PROBLEM TO SOLVE:
With the pictures omitted, please transcribe exactly the lines beginning at the one that contains "100세 시대, 50~70세에도 성형, 걱정하지 마세요! 관련 이미지 4" and ending with the last line of the records below.

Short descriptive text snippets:
|---|

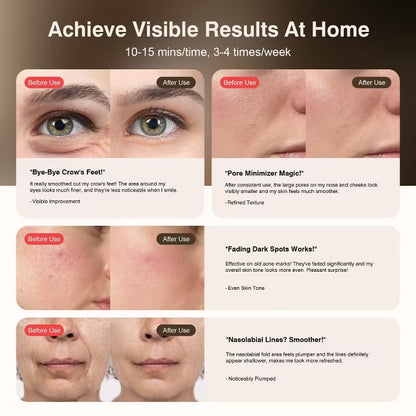 Morfone 9 Mode Facial Red Light Therapy 850nm Infrared and Red Light Mask Home Light Therapy Skincare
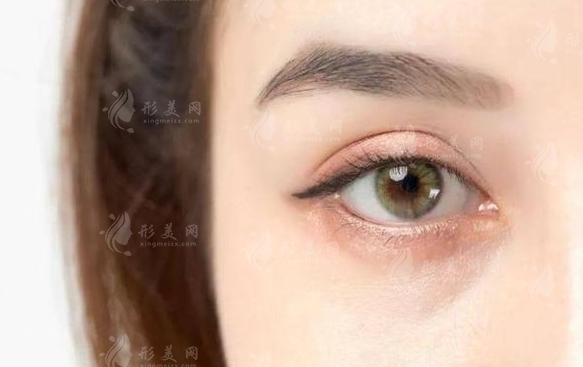 自體脂肪填充眼窩的安全性及手術次數解析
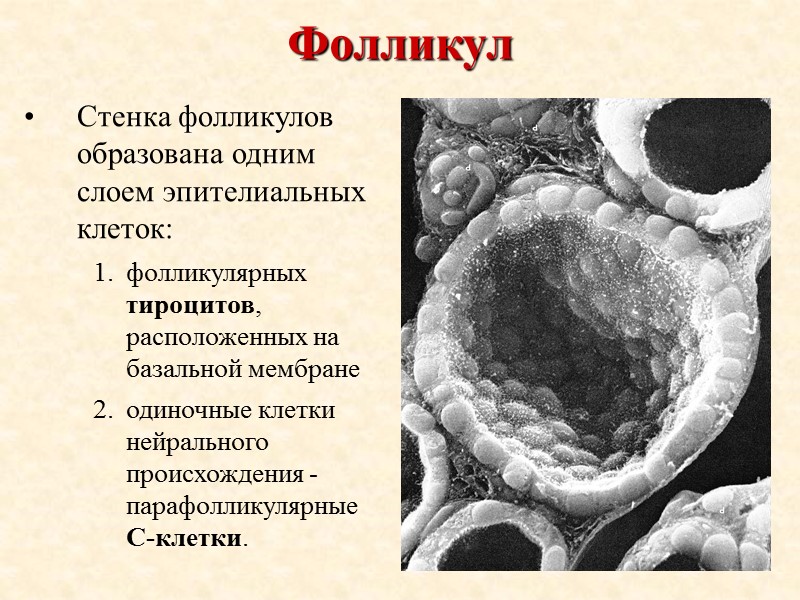 Фолликул Стенка фолликулов образована одним слоем эпителиальных клеток: фолликулярных тироцитов, расположенных на базальной мембране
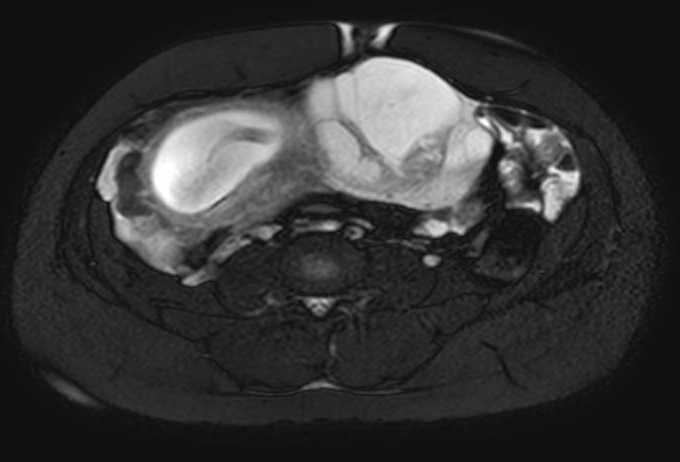 File:Colon adenocarcinoma with Krukenberg tumors, advanced pregnancy (Radiopaedia 67279-76645 Axial T2 SPAIR 35).jpg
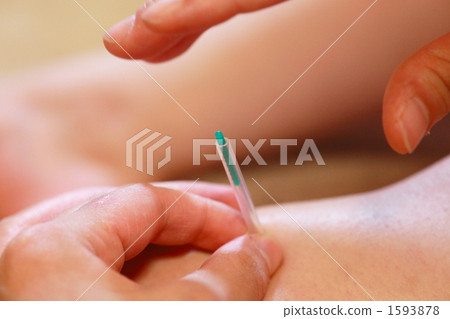 Acupuncture treatment 1593878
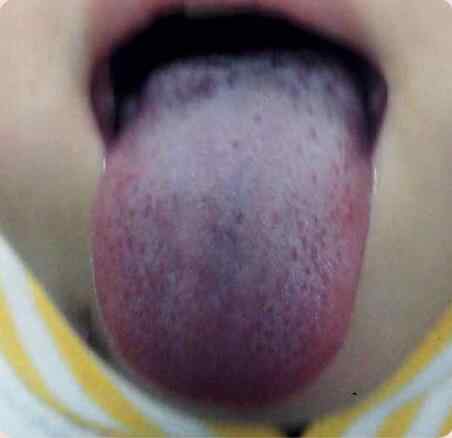 孩子口臭肚子胀舌像.jpg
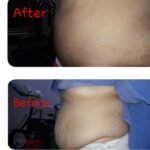 liposuction tummy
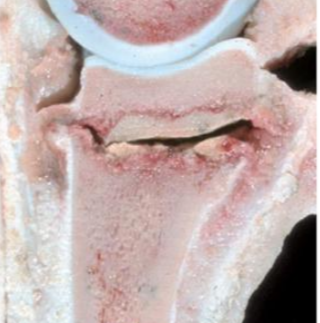 <p>→ Maladie inflammatoire infectieuse</p><ul><li><p>Porte d'entrée : Ombilic, appareil respiratoire, tube digestif</p></li><li><p>Site de prédilection : Réseau des vaisseaux artériels juste au-dessous/au-dessus de la zone du cartilage de croissance (cartilage articulaire et cartilage de conjugaison)</p><ul><li><p>Formation d’un micro abcès qui infiltre les parois (purulent)</p></li></ul></li></ul><p></p>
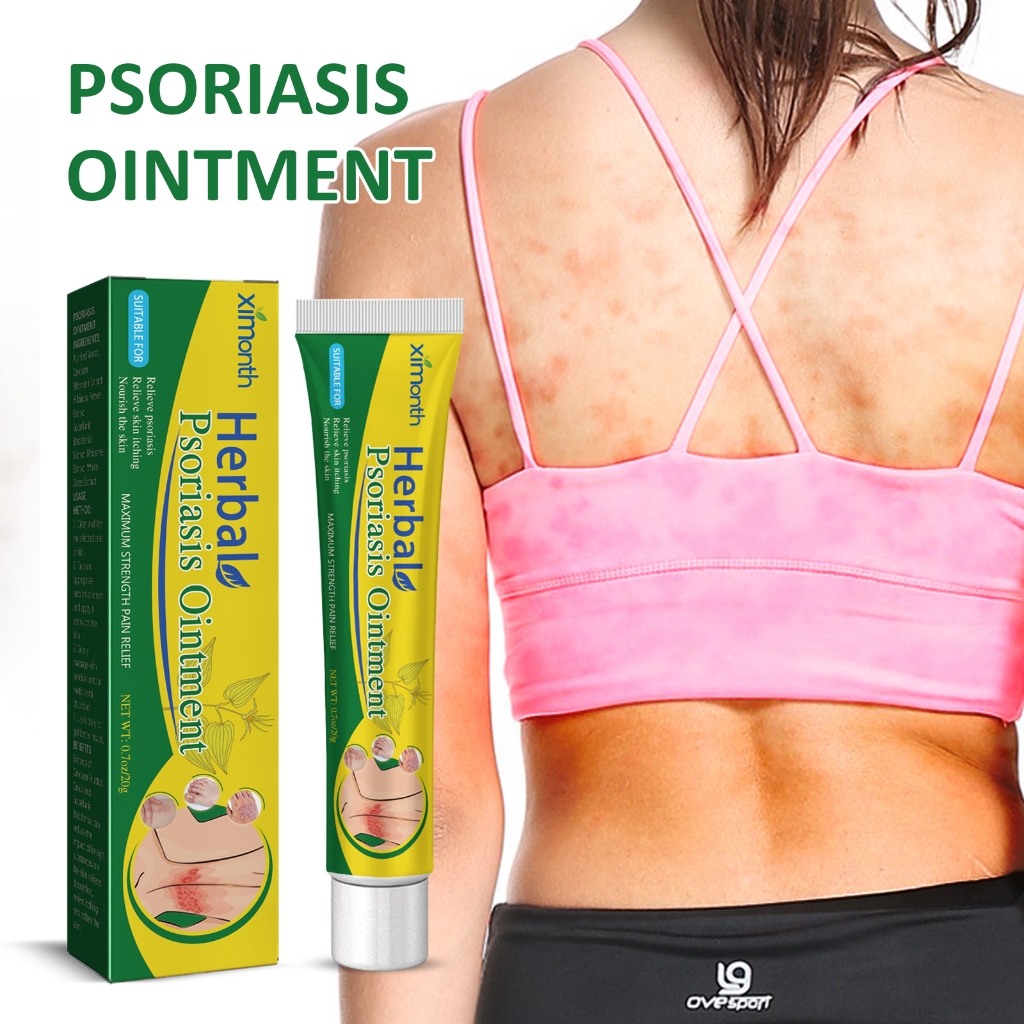 Ximonth Seborrheic Dermatitis Cream 50g Salep Khusus Psoriasis Obat Gatal Eksim Krim Psoriasis Palin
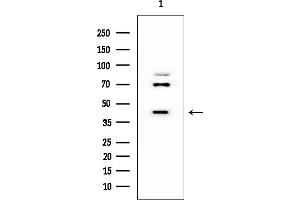 Western blot analysis of lysates from EC304 cells, using HFE2 Mouse Monoclonal Antibody at 1/1000 dilution.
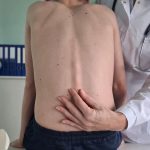 درمان اسکولیوز بدون جراحی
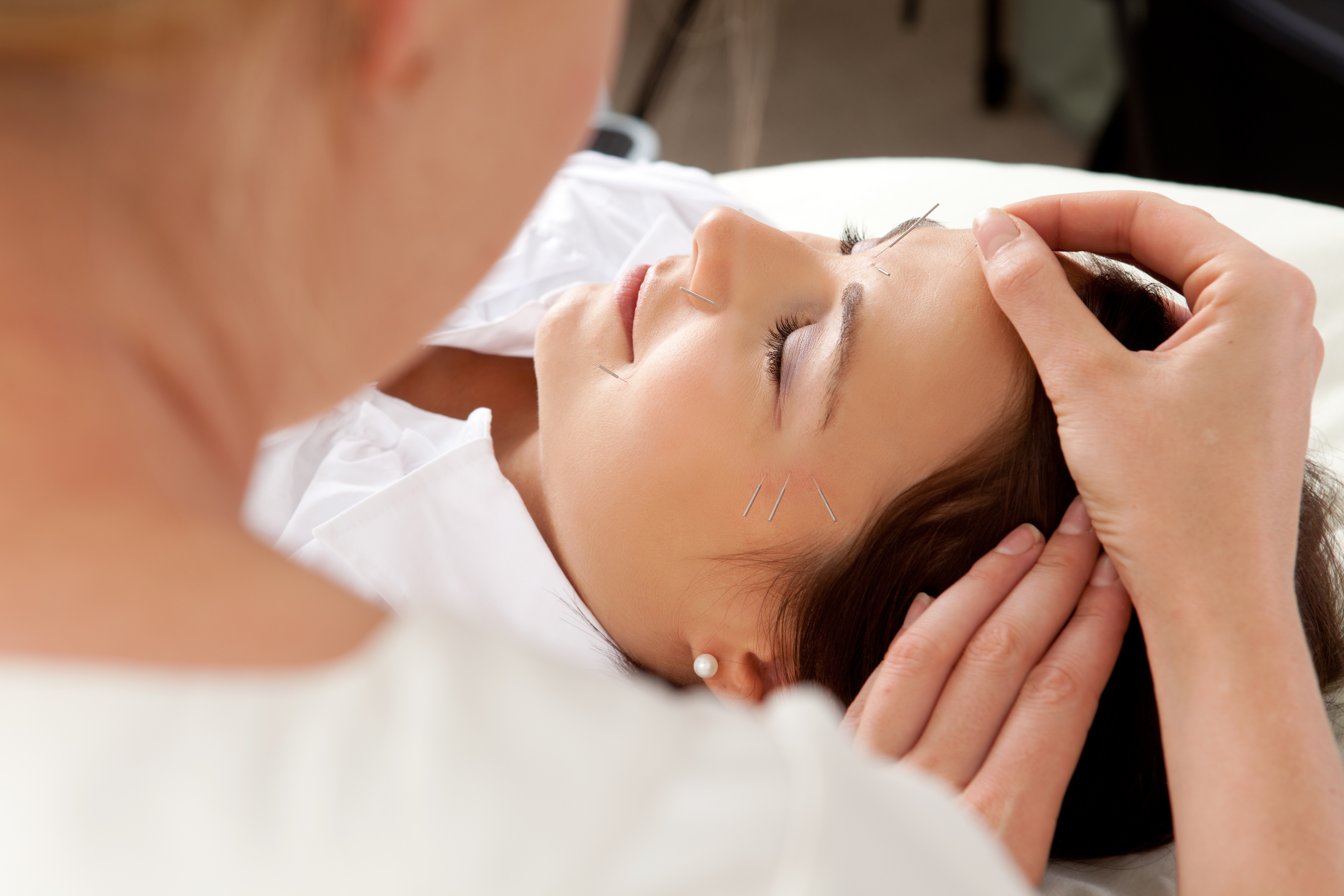 Acupuncture Facial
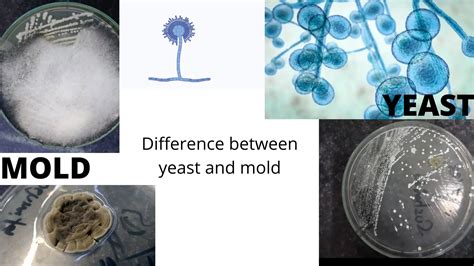 difference  yeast  mold microbe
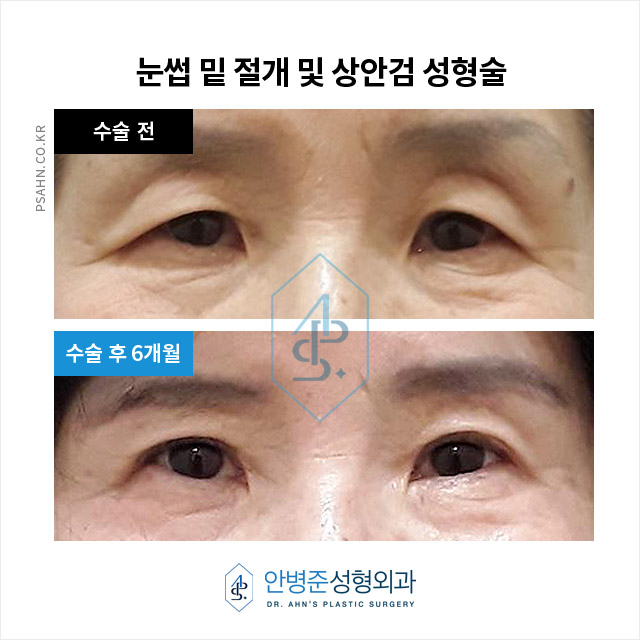 100세 시대, 50~70세에도 성형, 걱정하지 마세요! 관련 이미지 4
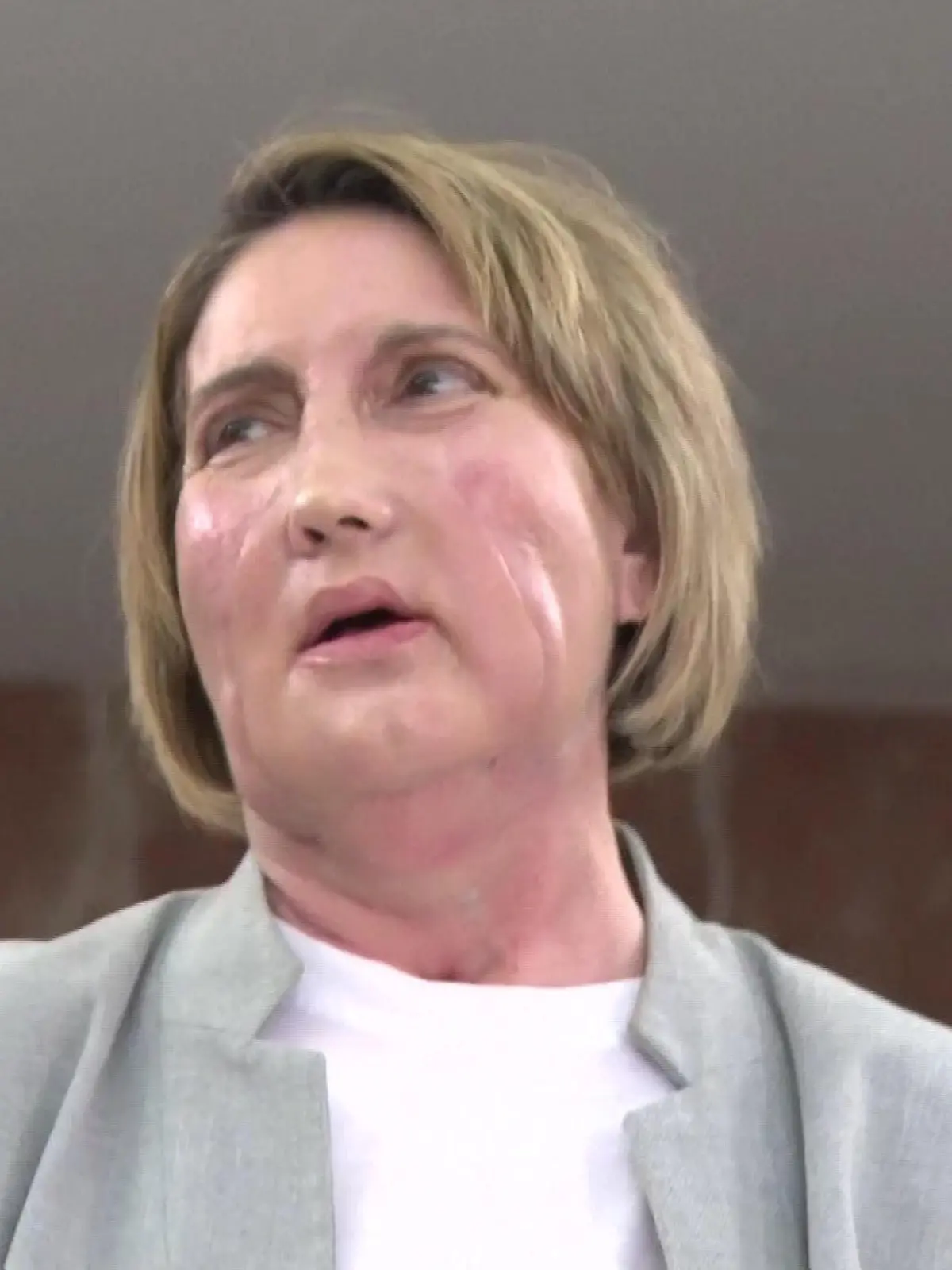 Bild zu: "Gesicht einer Toten transplantiert! Diese Frau hat endlich ihr Lachen zurück"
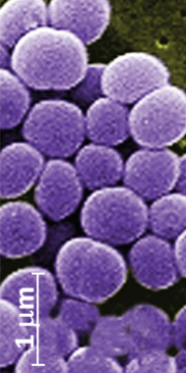 <p>What shape of bacteria is this?</p>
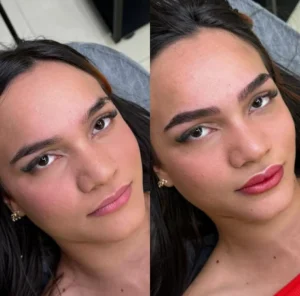 01 - IMG - Antes e depois - Neutralização - (Studio Hannayara)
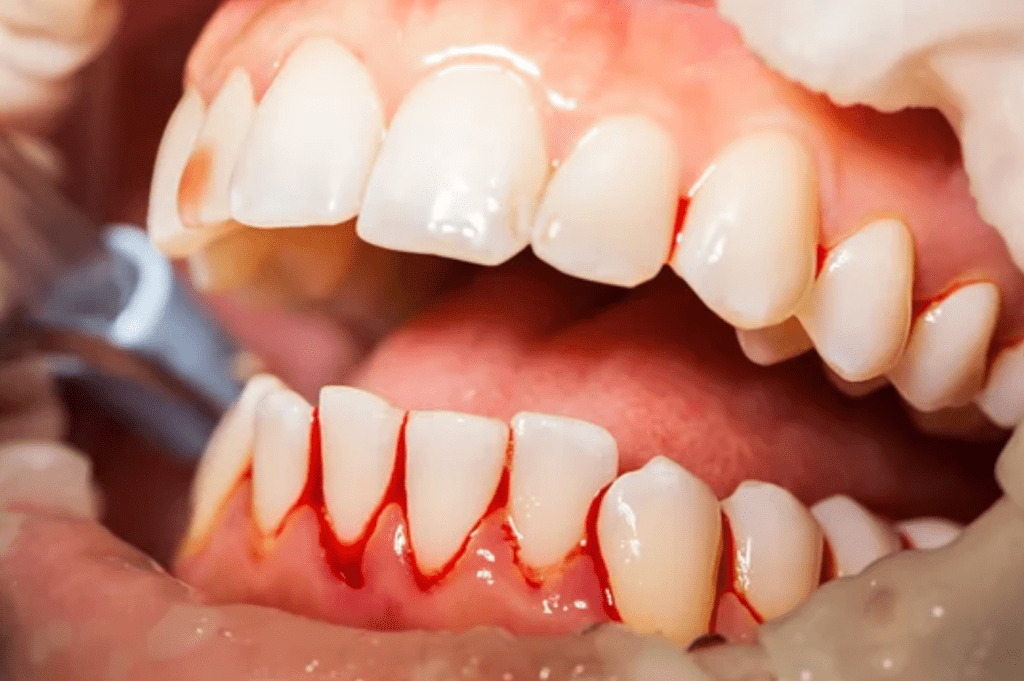 Close-up of bleeding gums receiving treatment gum disease dentist in Dallas Texas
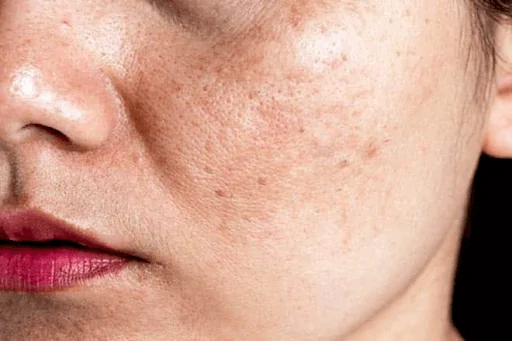 Nám thường tập trung ở vùng  gò má và gây mất thẩm mỹ đối với nhiều người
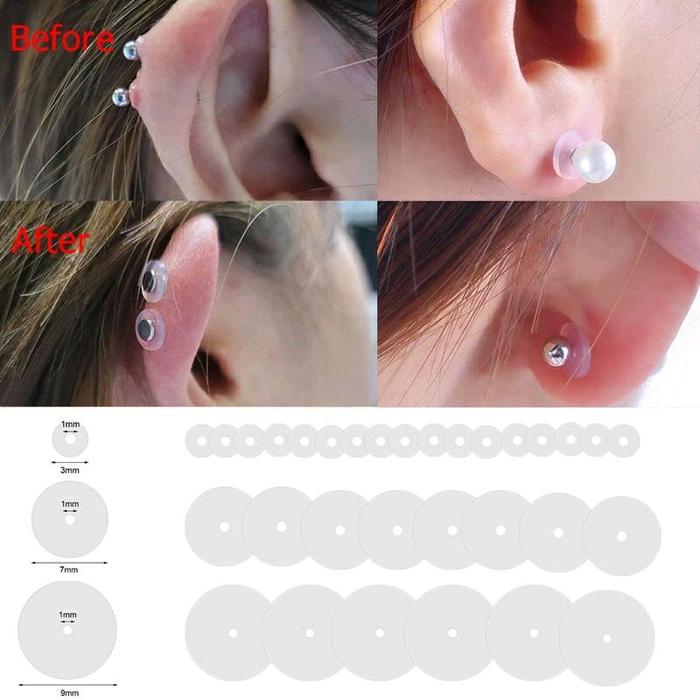 nopul anti keloid / nopul /nopull penyembuh keloid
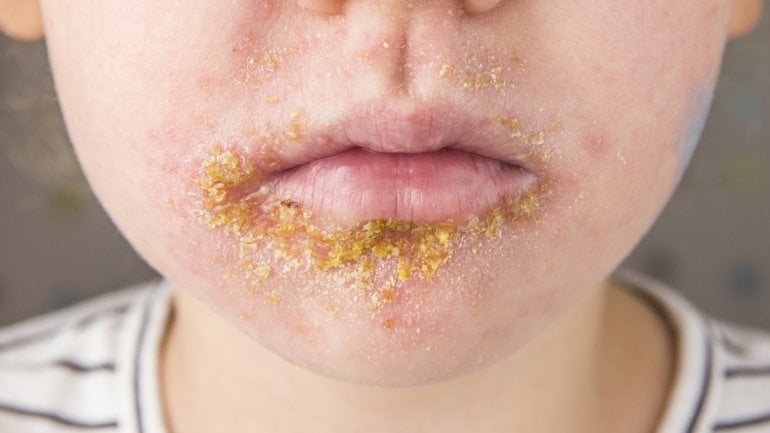 Impetigo contagiosa: Foto von Hautausschlag bei Borkenflechte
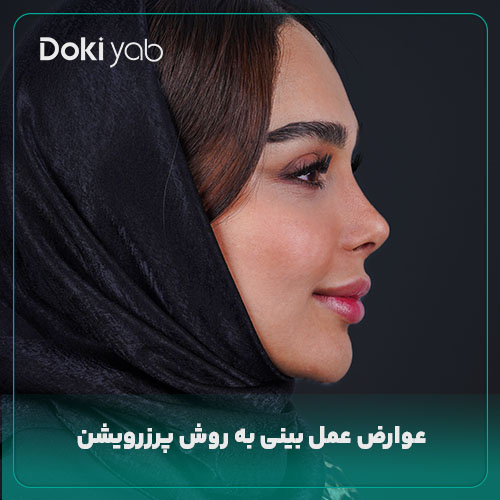 عوارض عمل پرزرویشن بینی؛ نمونه جراحی با دکی یاب 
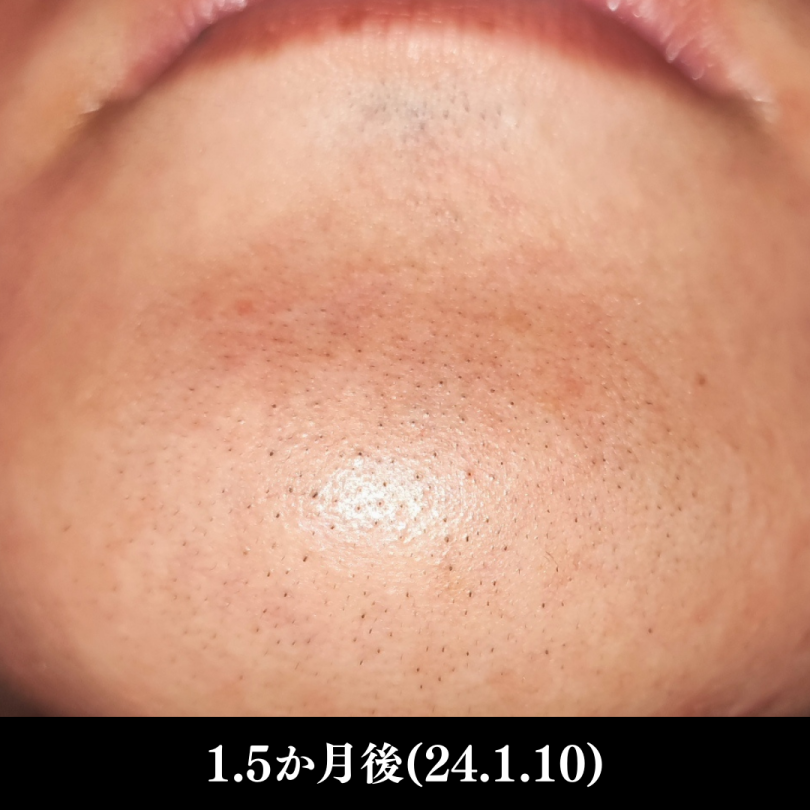 ヒゲ脱毛（大学生）後写真NO.1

|---|

TASK RESULT:
 100세 시대, 50~70세에도 성형, 걱정하지 마세요! 관련 이미지 4
 Bild zu: "Gesicht einer Toten transplantiert! Diese Frau hat endlich ihr Lachen zurück"
 <p>What shape of bacteria is this?</p>
 01 - IMG - Antes e depois - Neutralização - (Studio Hannayara)
 Close-up of bleeding gums receiving treatment gum disease dentist in Dallas Texas
 Nám thường tập trung ở vùng  gò má và gây mất thẩm mỹ đối với nhiều người
 nopul anti keloid / nopul /nopull penyembuh keloid
 Impetigo contagiosa: Foto von Hautausschlag bei Borkenflechte
 عوارض عمل پرزرویشن بینی؛ نمونه جراحی با دکی یاب 
 ヒゲ脱毛（大学生）後写真NO.1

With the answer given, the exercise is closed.